=== YOUR TASK ===
Although the data below contains pictures, output only the lines between those holding "Climatiseur de camion" and "1 комплект Творческий", inclusive, exactly and without those pictures.
[DATASET Boundary: Start]
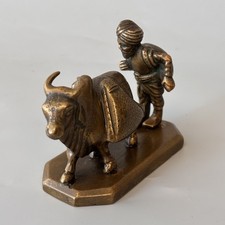 Indian Brass Nandi Bull with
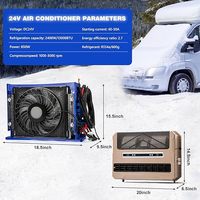 Climatiseur de camion TELCOOL 24V, climatiseur silencieux DC pour véhicules agricoles, remorques, excavatrices, fourgons, camions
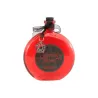Flacon en verre rouge - 12,5cm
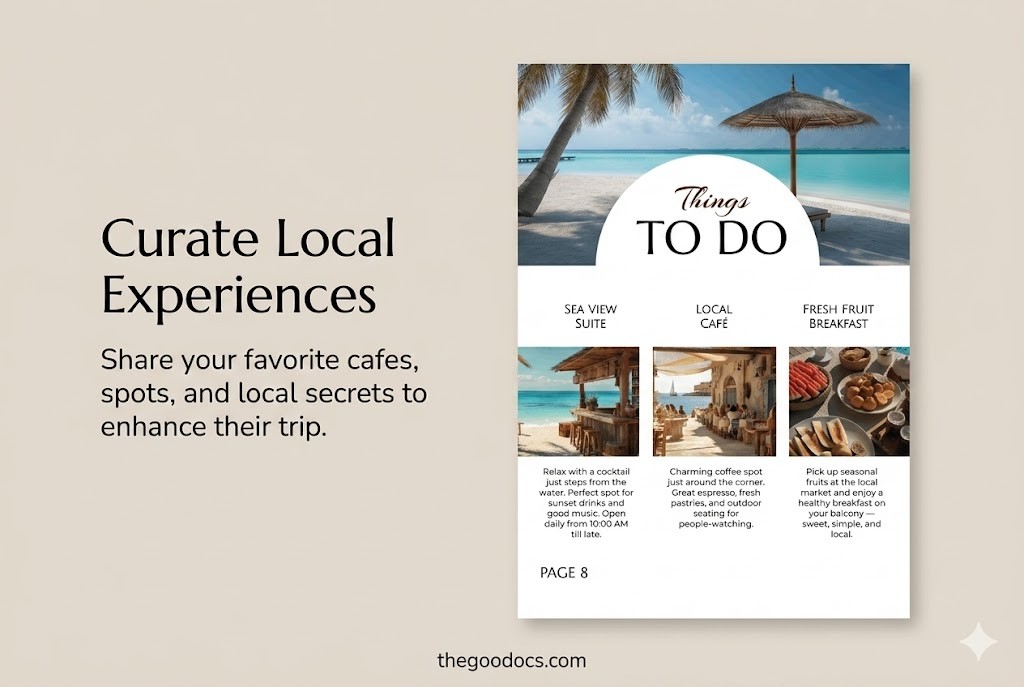 Vista previa de Plantilla de Guía de Bienvenida de Airbnb Estética para Google Docs and Microsoft Word - Ver 4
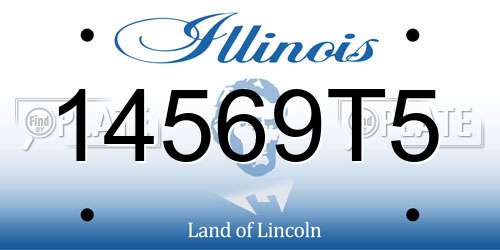 14569T5 Illinois License Plate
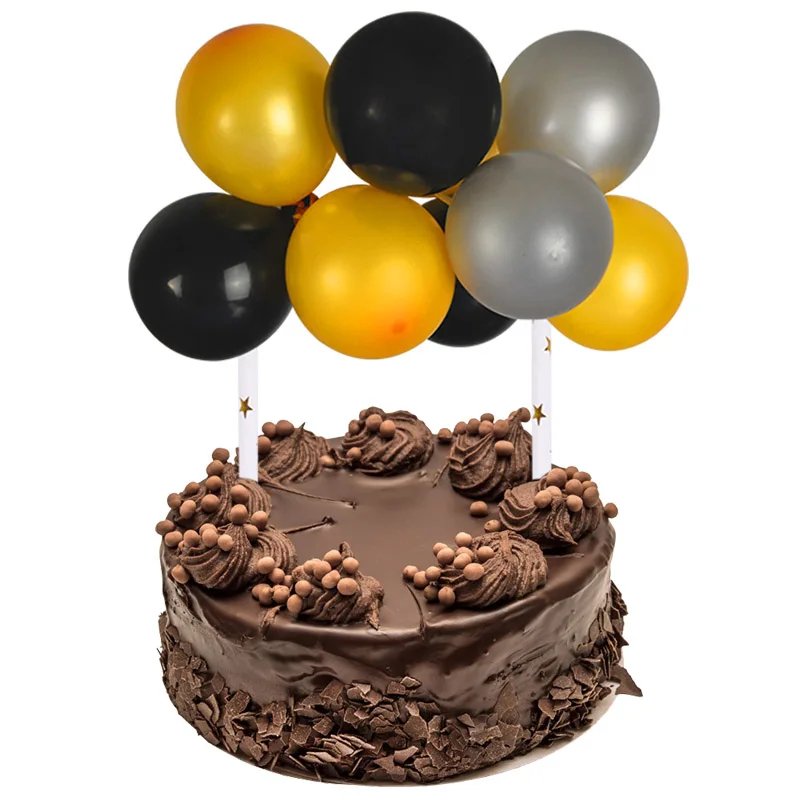 1 комплект Творческий 5 дюймов воздушных шаров тортов и фигурки жениха невесты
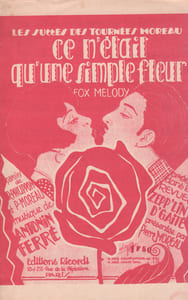 Partition de la chanson : Ce n'était qu'une simple fleur Zepp'lin d'gaité
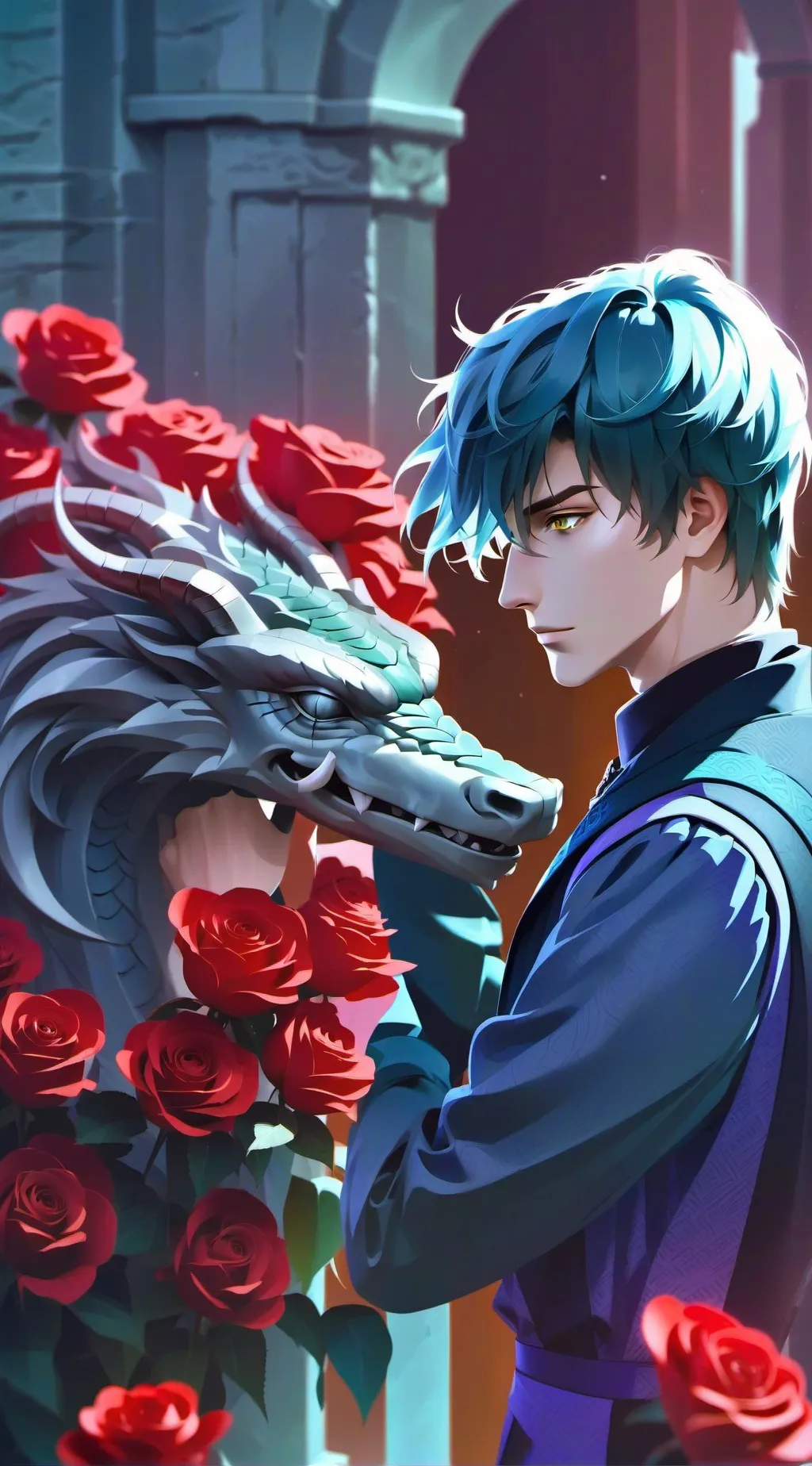 ai character: Luke  background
[DATASET Boundary: End]
=== ANSWER TO THE EXERCISE ===
 Climatiseur de camion TELCOOL 24V, climatiseur silencieux DC pour véhicules agricoles, remorques, excavatrices, fourgons, camions
Flacon en verre rouge - 12,5cm
 Vista previa de Plantilla de Guía de Bienvenida de Airbnb Estética para Google Docs and Microsoft Word - Ver 4
 14569T5 Illinois License Plate
 1 комплект Творческий 5 дюймов воздушных шаров тортов и фигурки жениха невесты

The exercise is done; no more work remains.